Task instructions: Word for word, quote the lines from the one containing "Kunststof paletten, Doe-het-zelf" to the end of the entries below, including both. Leave pictures out.

Recorded information:
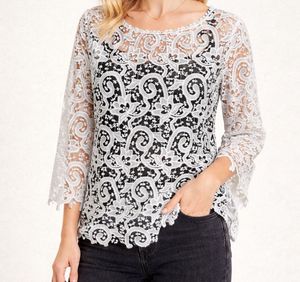 Elegant Lace Blouse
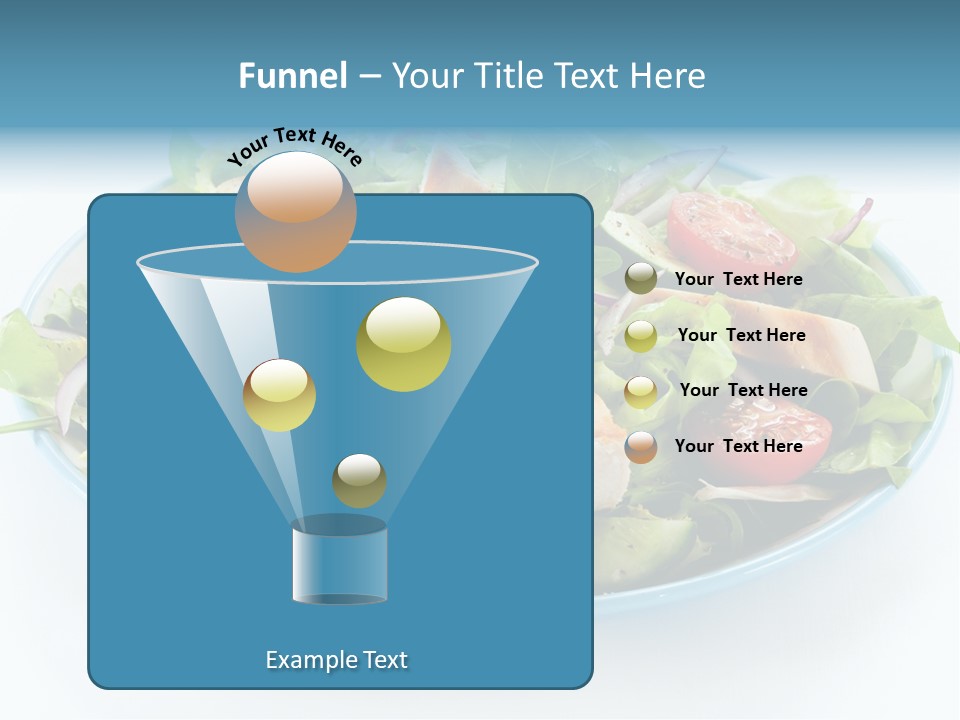 Grilled Fillet Onion PowerPoint Template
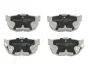 Комплект тормозных колодок JAPANPARTS PP595AF (фото 1)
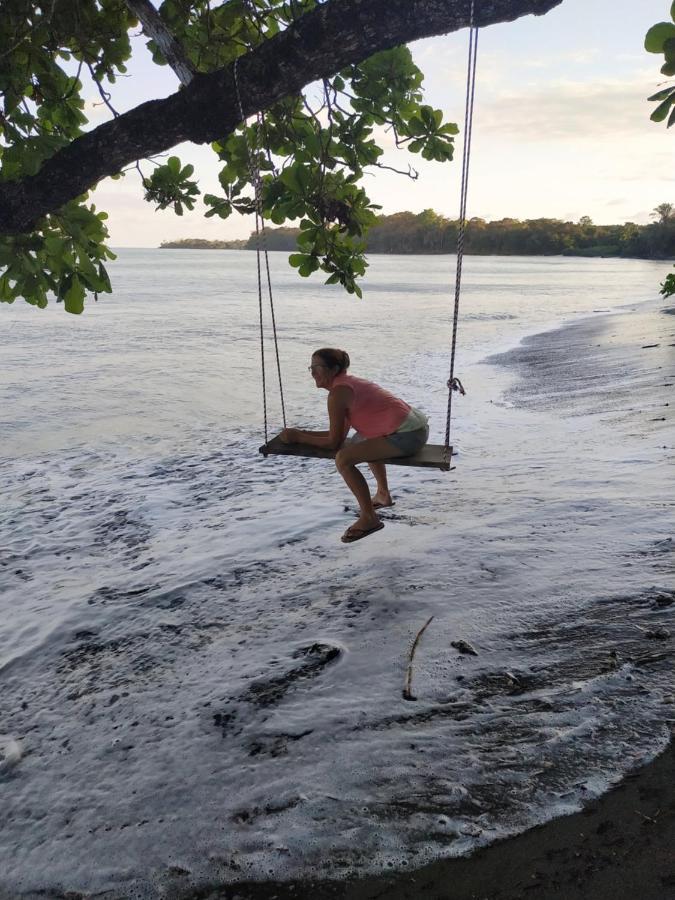 Four Monkeys Eco Lodge Jungle & Beach - The House Cabo Matapalo ภายนอก รูปภาพ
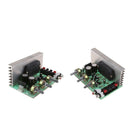 2Pieces  DX0408 100W Channel Digital Power Audio Sereo Amplifier Board DC 12-24V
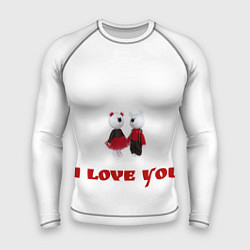 Мужской рашгард Мишки Gibki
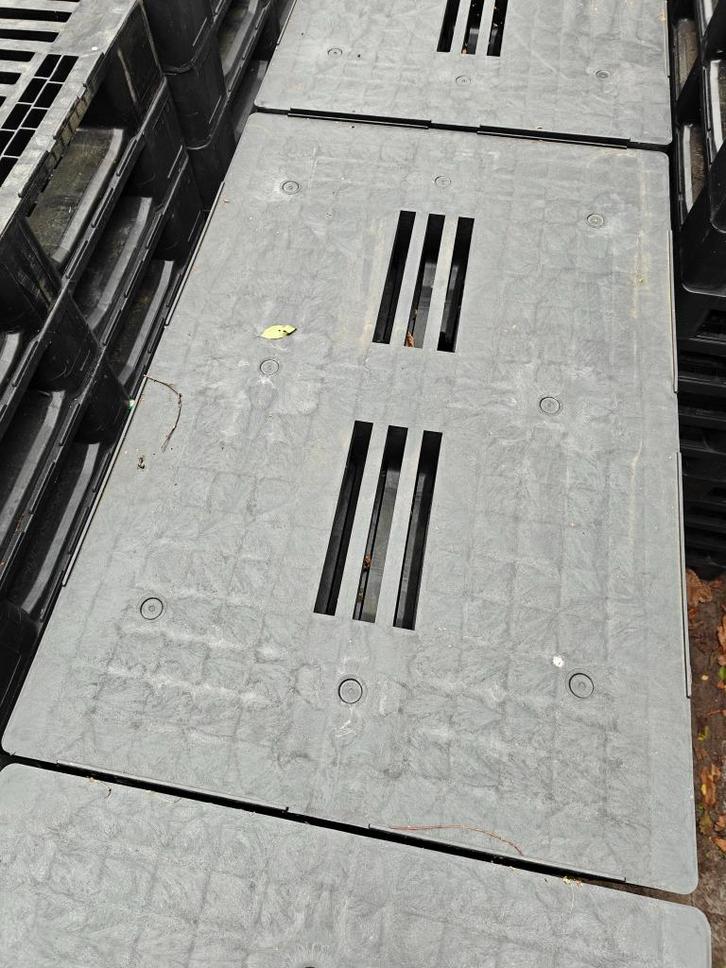 Kunststof paletten, Doe-het-zelf en Bouw, Hout en Planken, Gebruikt, Ophalen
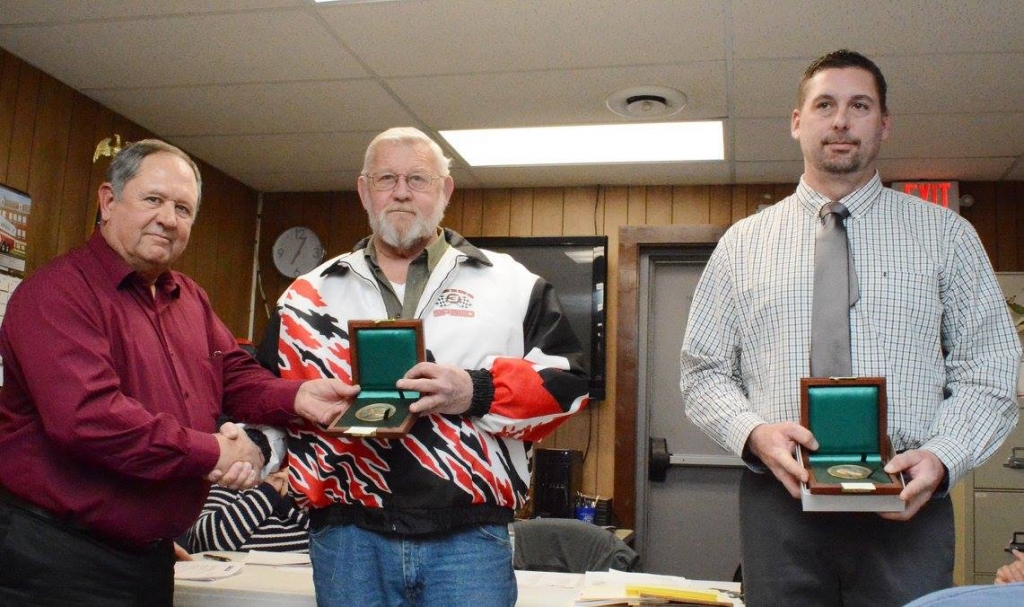 Carnegie Medal presentation to R. Wayne Trivette and Rimothy A. Holtz II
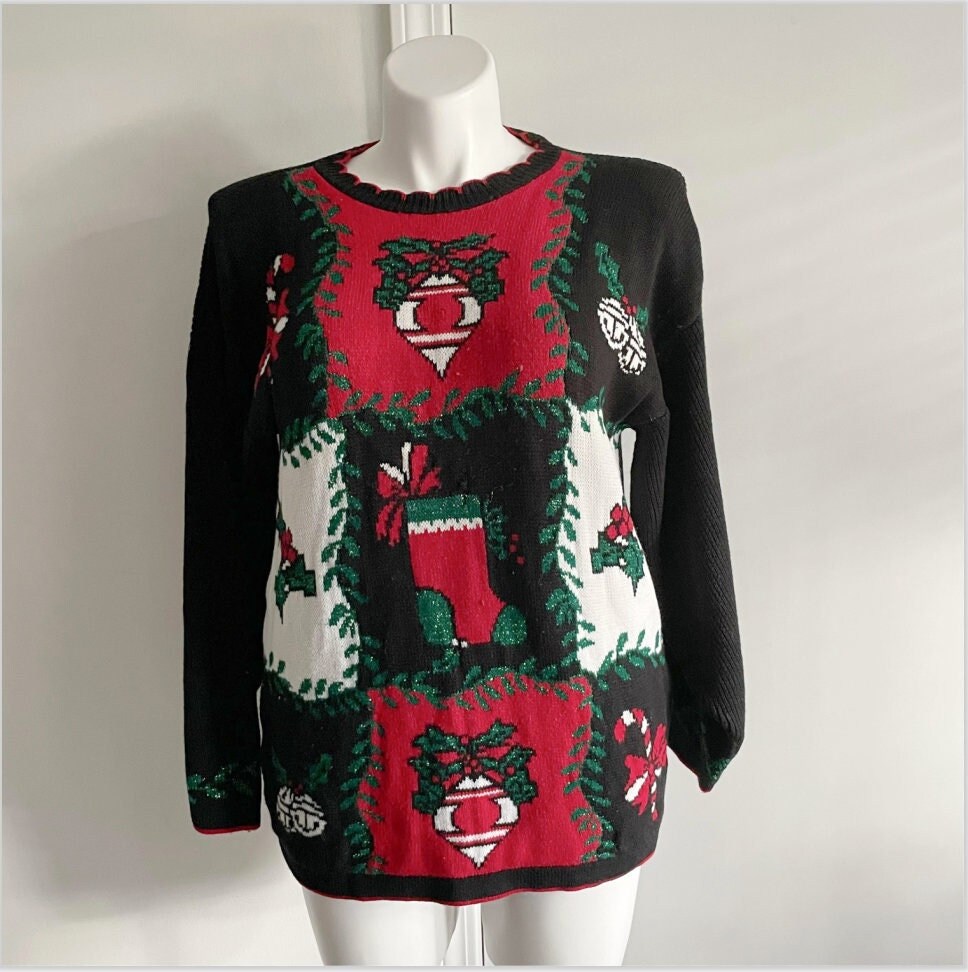 Authentic ugly christmas sweater best sale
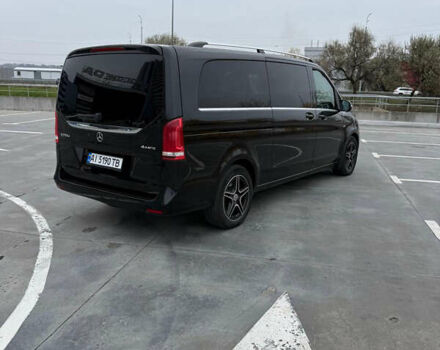 Черный Мерседес В-Класс, объемом двигателя 2.14 л и пробегом 350 тыс. км за 42900 $, фото 3 на Automoto.ua
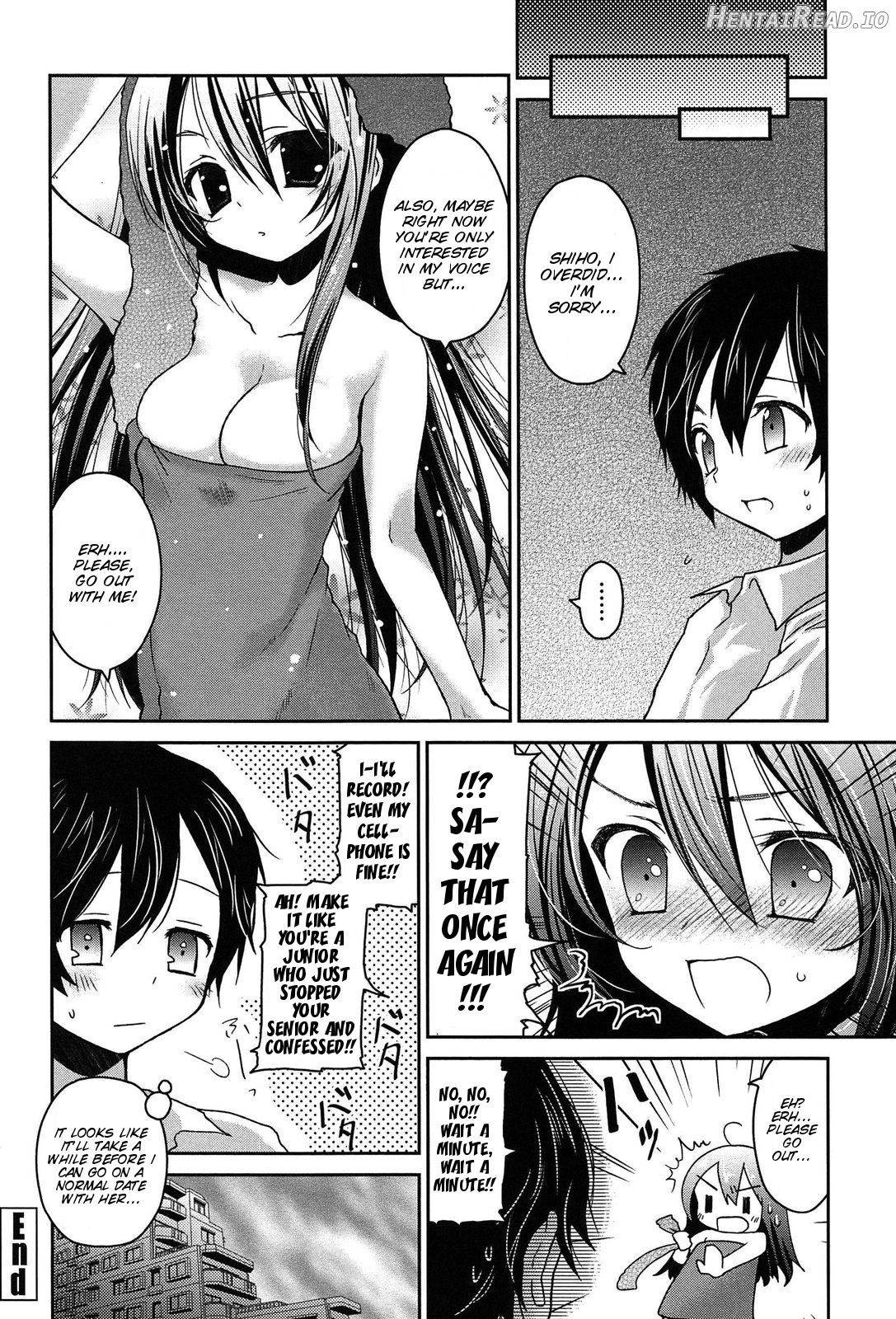 Kiss Shite Sawatte Motto Shite Chapter 1 - page 26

Answer to this problem:
 Kunststof paletten, Doe-het-zelf en Bouw, Hout en Planken, Gebruikt, Ophalen
 Carnegie Medal presentation to R. Wayne Trivette and Rimothy A. Holtz II
 Authentic ugly christmas sweater best sale
 Черный Мерседес В-Класс, объемом двигателя 2.14 л и пробегом 350 тыс. км за 42900 $, фото 3 на Automoto.ua
 Kiss Shite Sawatte Motto Shite Chapter 1 - page 26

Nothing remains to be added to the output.